The plastic cost looking acceptable depends the printer life cycle and extras.
I guess my printer works 1.000-4.000 hours max. And the price was 1000$.
Of course a DIY extruder works for a 3D print company but not for me.
I don't have enough space for 50kg plastic pellet packs and color pigments :)
3D Printing has turned main stream over last year or so. And as usual with businesses now having to please shareholders etc. the focus has moved from pushing new technology, to making money. Meaning the filament will cost as much as the marked is willing to pay for it, regardless of actual production cost. And for the average Joe just printing small necklaces and figures, this will be fine. So there will be little pressure on lowering the prices.
The hard-core DIY community will probably have to start looking into extruding they own filaments in the long run. I already see a growing number of project for building DIY hot plastic extruders.
That cost is a pretty recent thing. When I got my makerbot cupcake CNC in 2010 the cost was 60 dollars for 5 pounds of filament from makerbot. The ultimate goal would be a screw extruder small enough to put on one of these machines so we can take raw pellets in bulk packaging.

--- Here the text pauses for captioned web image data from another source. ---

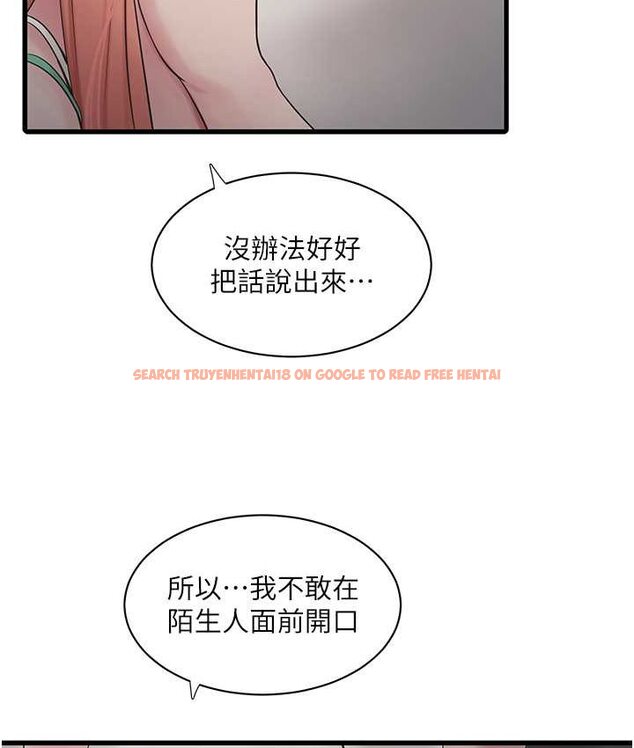查看漫画水電工日誌 - 第37話-借我插一下妳的洞 - tymanga.com中的1654625图片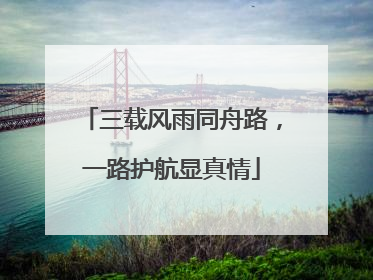 三载风雨同舟路，一路护航显真情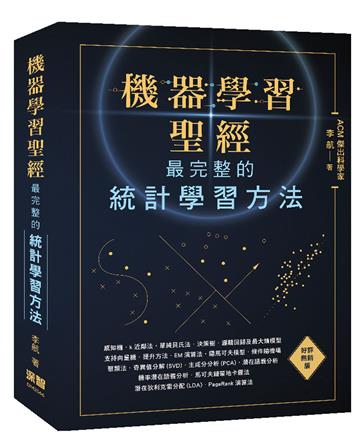 機器學習聖經：最完整的統計學習方法（好評熱銷版）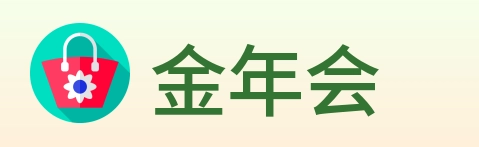 金年会 logo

We complain about our aircraft being called "Drones" and then turn around and call these machines "Printers" when they it fact have little to do with the traditional use of that noun. Sure, they share some very general characteristics with certain very recent (in historical terms) printers, but are of course entirely different devices. Using the logic that names these extrusion machines "3D Printers" we should have named flying machines "3D Auto-mobiles."

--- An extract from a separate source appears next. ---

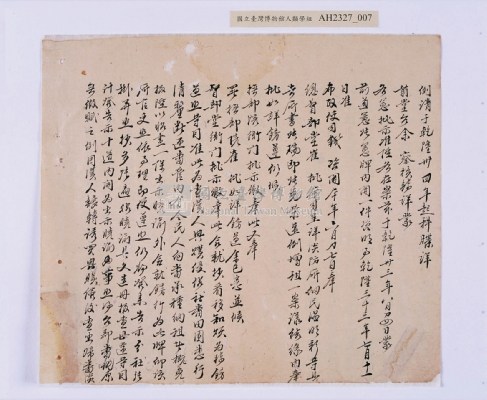乾隆三十三～三十四年（1768～1769）岸裡社蔴薯舊社地主大由仁呈請開墾荒地相關文件藏品圖，第22張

Well, so what? One (probably) unintended consequence is that once the word "Printer" is established, we naturally enough start calling one of the world's cheapest substances by the name of one of the world's most expensive, "Ink." Manufacturers of this new suddenly precious "ink" have fallen on the concept like a pack of hyenas on a fresh carcass, and are now no doubt taking marketing lessons from peak predators such as HP in the global ink scam, a game which makes DeBeers' marketing of worthless sparkly rocks look like a kid's lemonade stand.
Aside from this "ink" debacle, calling these machines "printers" has surely slowed their acceptance. There is, for good reason, no non-lethal technological device that is more universally despised, hated and even feared, than that dirty, rotten miserable piece of sh*t printer sitting on your desk, right? How many of those pieces of crap have you heaved violently into the bin over the years? How many phone conversations have you had in the middle of the night with nice but clueless folks in Bangladesh or wherever when "your" printer refused to find the computer sitting right next to it? (Quotes around "your" because you own a printer the way you own a cat - only in your imagination.) And now someone is trying to sell us the latest greatest thing and it's called a "Printer"?? I'd rather buy something named "Root Canal"!
Seems to me like they are following the 2D printer market strategy. Give the printers away for free, and then make all your money on consumables.
I work in a wire and cable factory, and we use several tons of plastics every day. In fact, we scrap several hundred pounds of plastic every day. This is because we have to leave the extruders bleeding while we change the copper conductor reels. You can grind it up and put it back into an extruder, but industry quality rules limit this. Some product is allowed up to 10% regrind in the wire insulation, but much of the time it's not allowed at all. So we end up throwing out a lot of it.
I have thought there would be a market if we could turn the regrind into a filament and sell it for 3D printers. It would be multi-coloured, but that would probably be fine for test prints.
Have you checked the Cubify Cube and CubeX proprietary cartridge cost lately?